* Task goal
Word for word, repeat the records, leaving every picture behind.

****************************************

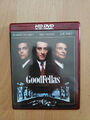 GoodFellas - Drei Jahrzehnte in der Mafia HD DVD Erstauflage ohne FSK Logo Pesci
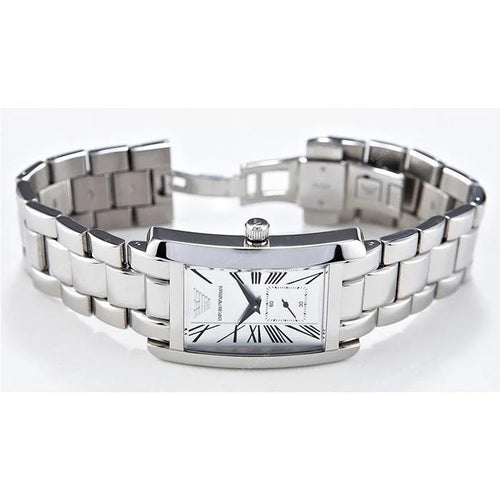 Emporio Armani AR0145 Men's Watch WRIST SWEDEN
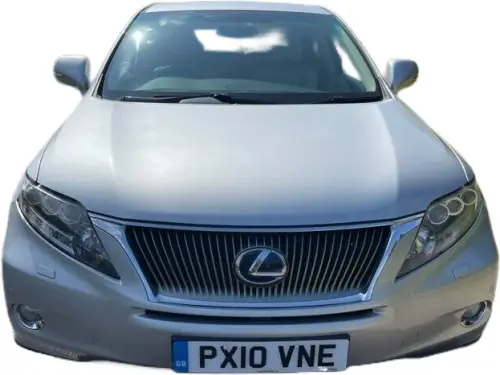 Lexus RX450h PX10 VNE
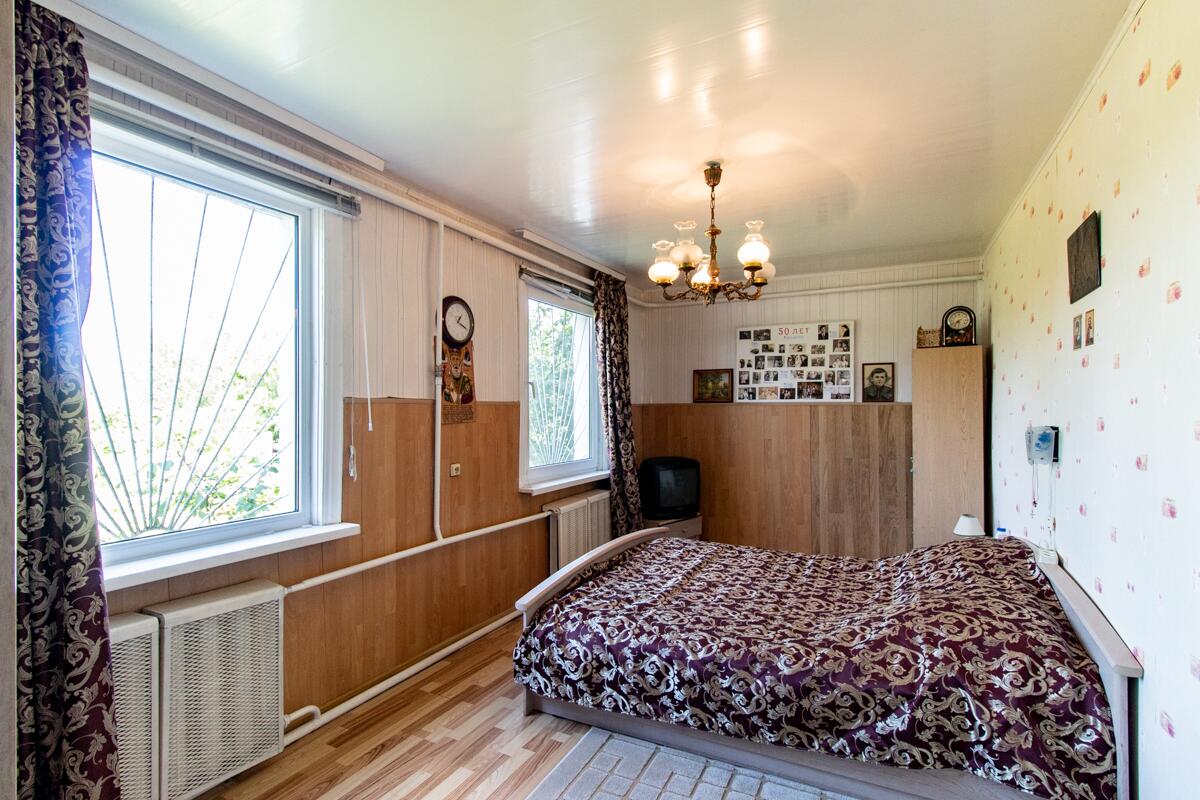 Nieruchomości komercyjne 180 m² Dziamidavicki sielski Saviet, Białoruś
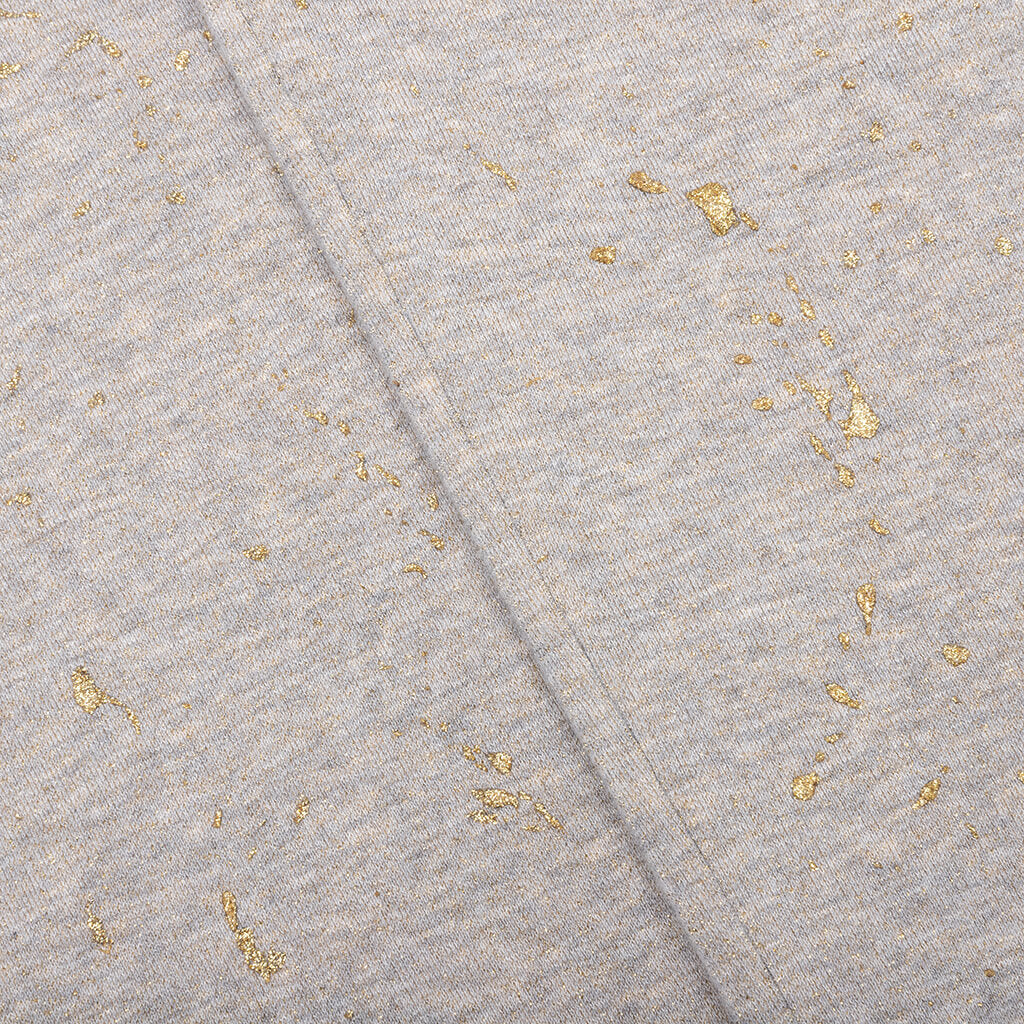 PXP Painted Classic Sweatpants - Melange Grey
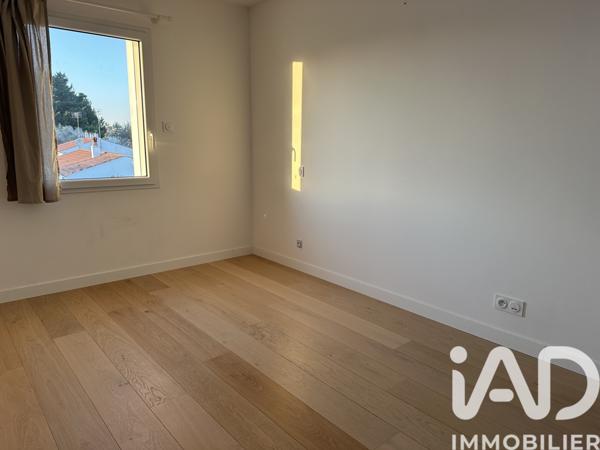 Maison à vendre 6 pièces 131 m² Longeville-sur-Mer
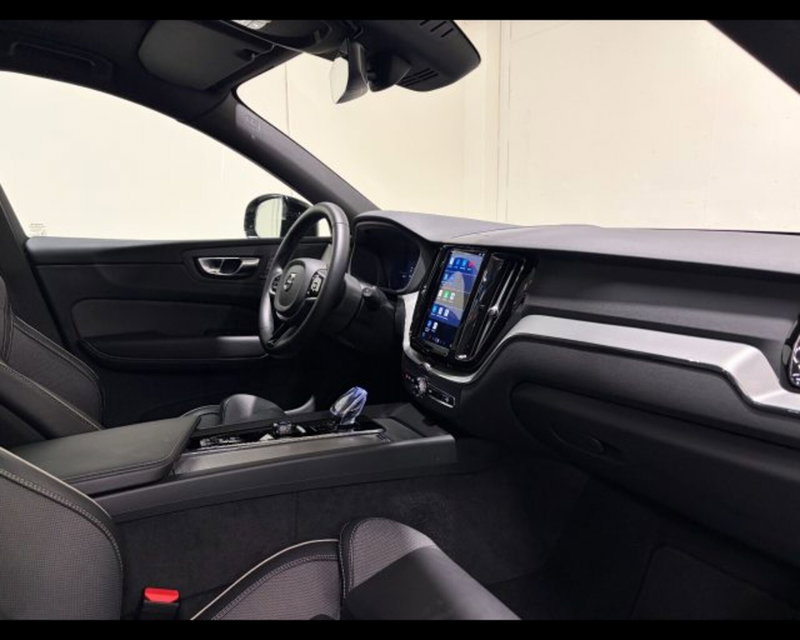 Volvo XC60 usata a Treviso (7)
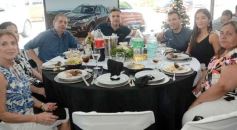 Foto de la galería: Servando Menor S.A compartió su tradicional cierre de año con gran encuentro familiar y diversión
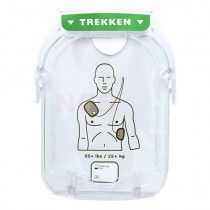 Philips Heartstart AED HS-1 elektroden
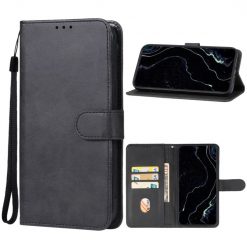 Peněženkové pouzdro Splendid case černé – IIIF150 Air 1 Ultra | Levné Kryty | Levné Kryty | Levné Kryty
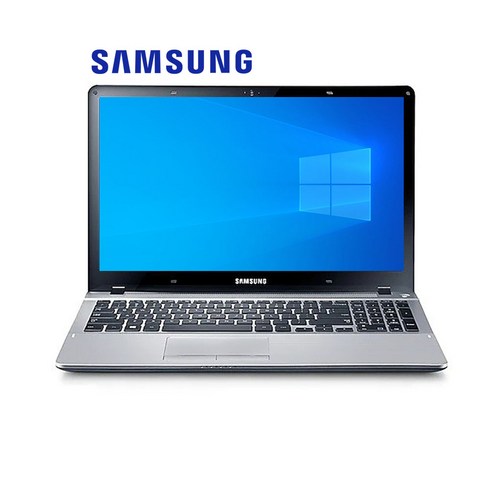 삼성 사무용 인강 노트북 인텔 i5 i7 SSD장착 윈10 홈, NT370E, WIN10 Home, 8GB, 256GB, 코어i5 6세대, 블랙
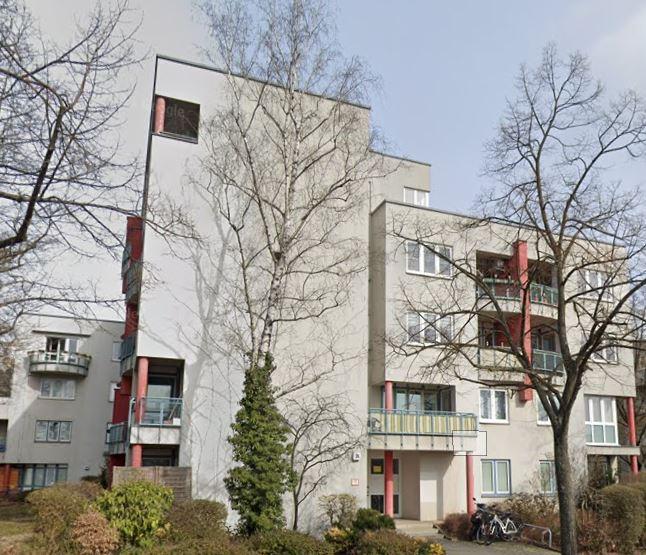 تصویر 1 Zimmer / 30,57 m² – Singlewohnung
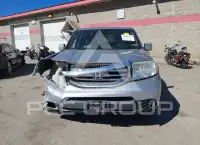 2015 Honda PILOT фото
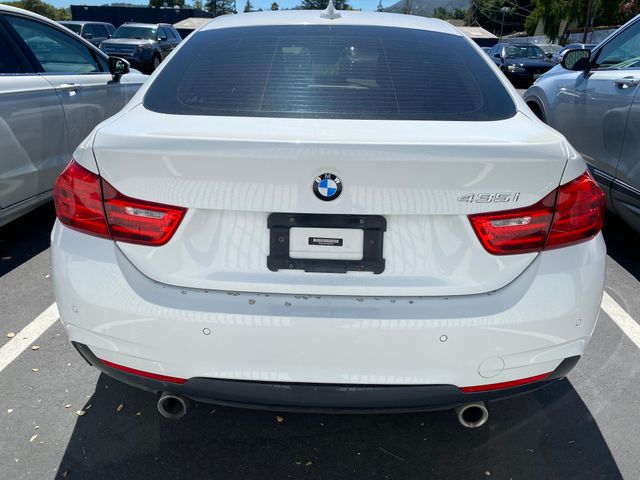 2015 BMW 435i photo 9 of 23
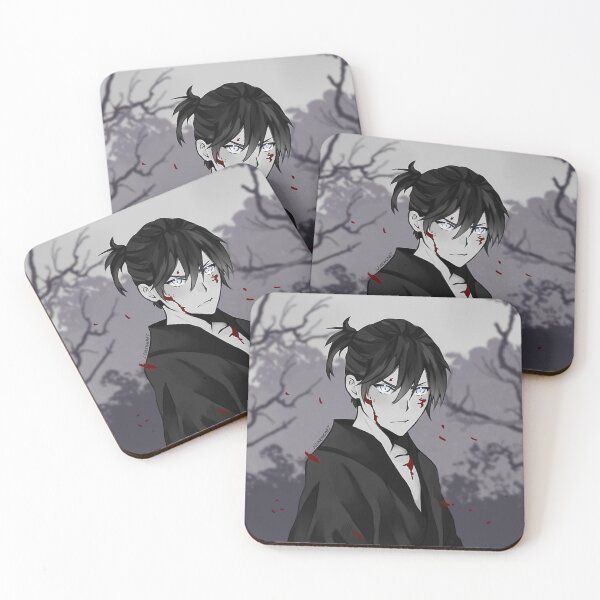 Item preview, Yato designed and sold by lelahsipes.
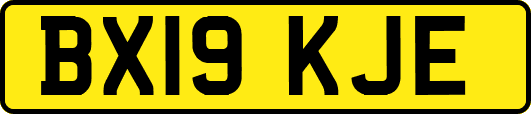 BX19KJE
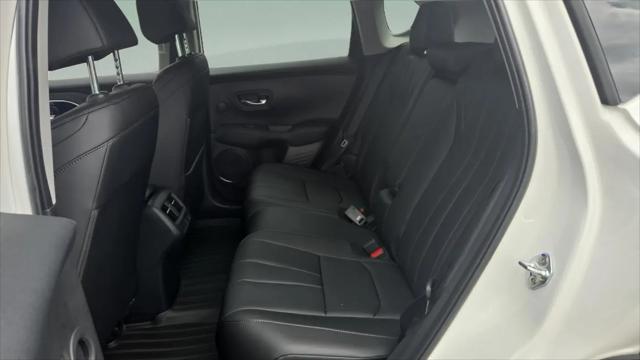 2026 Acura ADX Base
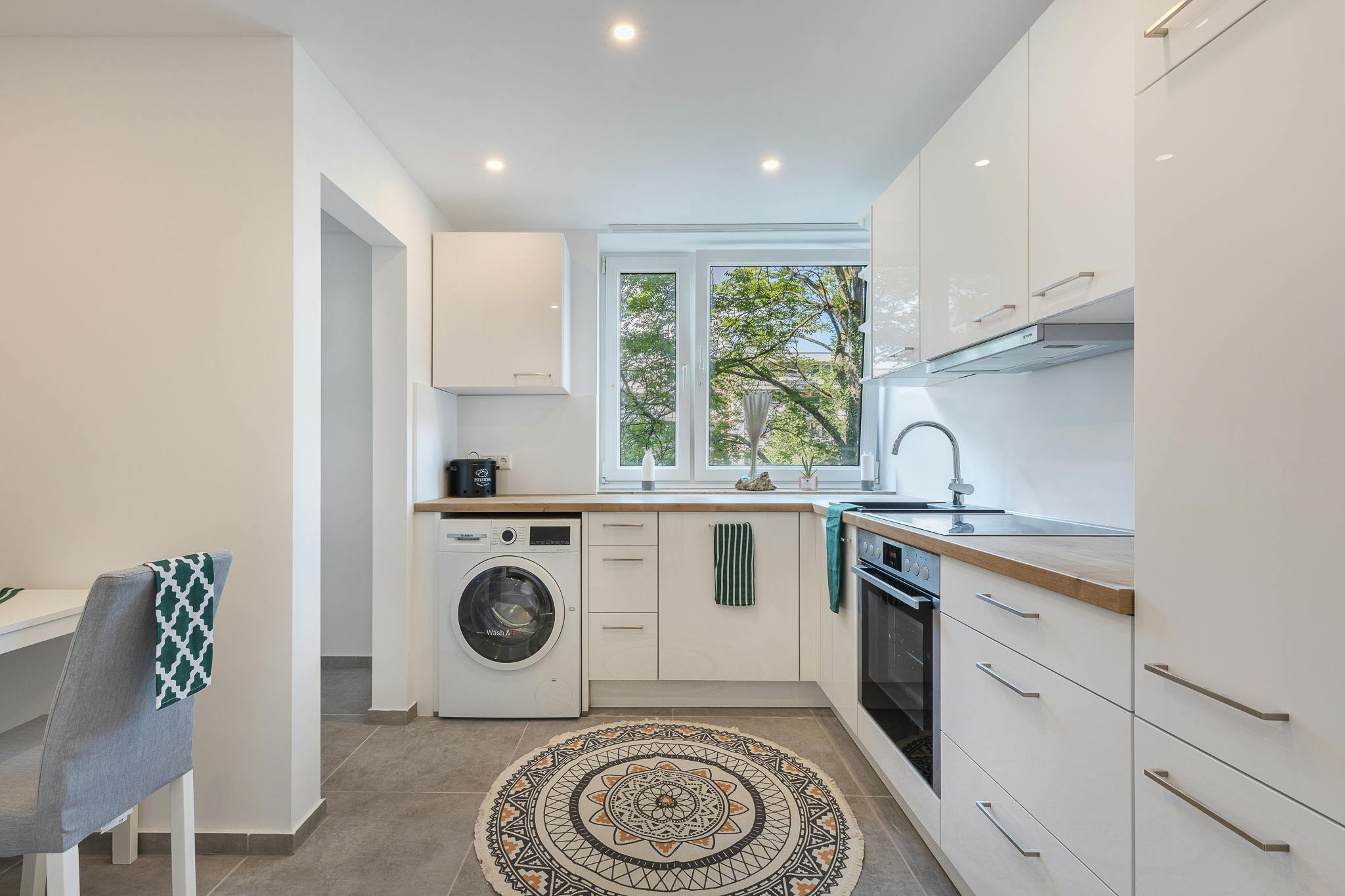 preview gallery tile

****************************************

* Answer
 GoodFellas - Drei Jahrzehnte in der Mafia HD DVD Erstauflage ohne FSK Logo Pesci
 Emporio Armani AR0145 Men's Watch WRIST SWEDEN
 Lexus RX450h PX10 VNE
 Nieruchomości komercyjne 180 m² Dziamidavicki sielski Saviet, Białoruś
 PXP Painted Classic Sweatpants - Melange Grey
 Maison à vendre 6 pièces 131 m² Longeville-sur-Mer
 Volvo XC60 usata a Treviso (7)
 Foto de la galería: Servando Menor S.A compartió su tradicional cierre de año con gran encuentro familiar y diversión
 Philips Heartstart AED HS-1 elektroden
 Peněženkové pouzdro Splendid case černé – IIIF150 Air 1 Ultra | Levné Kryty | Levné Kryty | Levné Kryty
 삼성 사무용 인강 노트북 인텔 i5 i7 SSD장착 윈10 홈, NT370E, WIN10 Home, 8GB, 256GB, 코어i5 6세대, 블랙
 تصویر 1 Zimmer / 30,57 m² – Singlewohnung
 2015 Honda PILOT фото
 2015 BMW 435i photo 9 of 23
 Item preview, Yato designed and sold by lelahsipes.
 BX19KJE
 2026 Acura ADX Base
 preview gallery tile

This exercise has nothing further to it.